__Activity__.
Beneath this task are records; print exactly the stretch of them from the line with "Just Cavalli Taupe" through the line with "Vionic Tan Sandals", both ends included.

__Given records__.

BEGIN

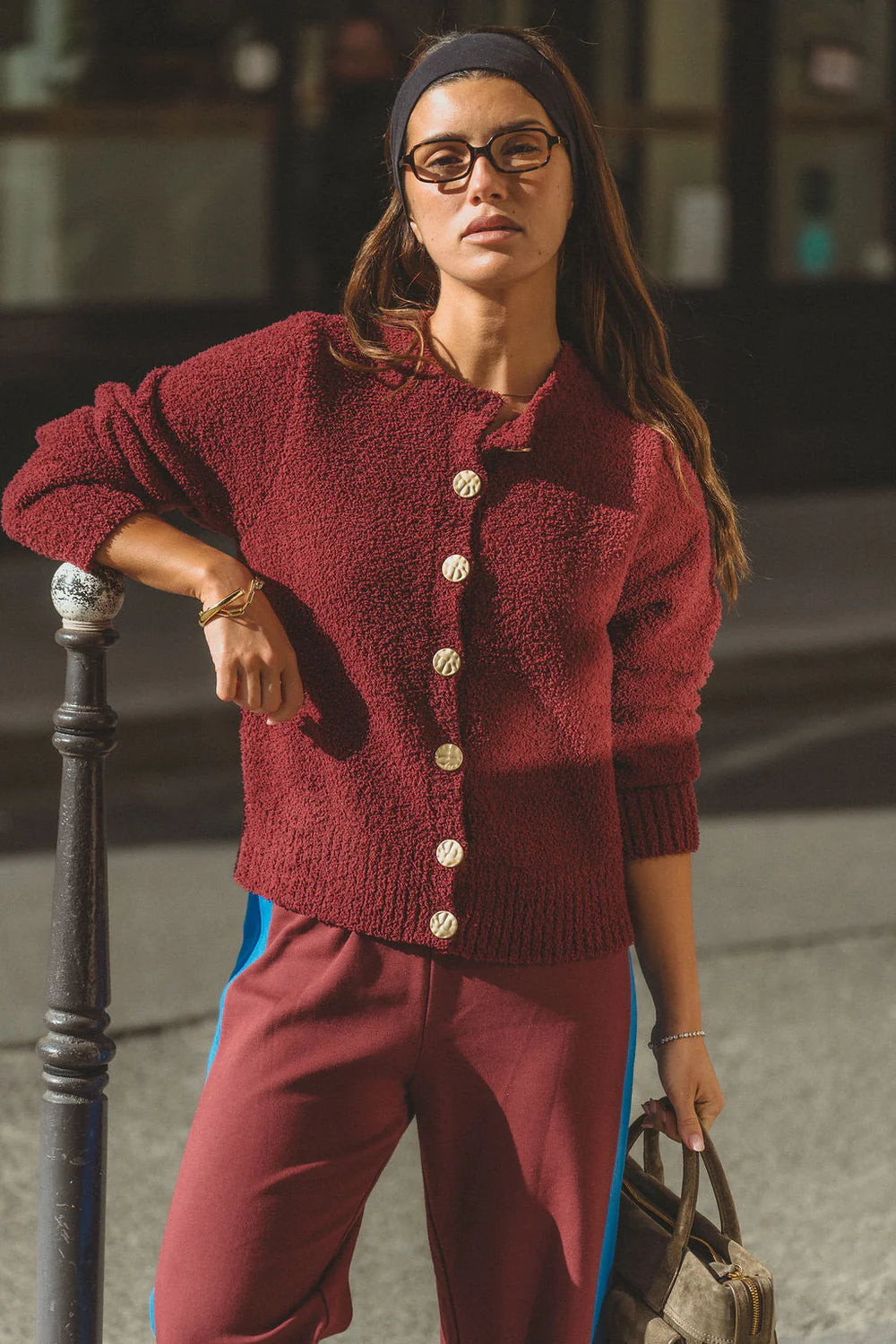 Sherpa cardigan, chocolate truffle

END
BEGIN

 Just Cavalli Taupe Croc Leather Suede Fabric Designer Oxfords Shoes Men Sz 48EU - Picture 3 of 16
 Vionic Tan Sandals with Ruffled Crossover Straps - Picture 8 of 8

END

__Task output__.
 Just Cavalli Taupe Croc Leather Suede Fabric Designer Oxfords Shoes Men Sz 48EU - Picture 3 of 16
 Vionic Tan Sandals with Ruffled Crossover Straps - Picture 8 of 8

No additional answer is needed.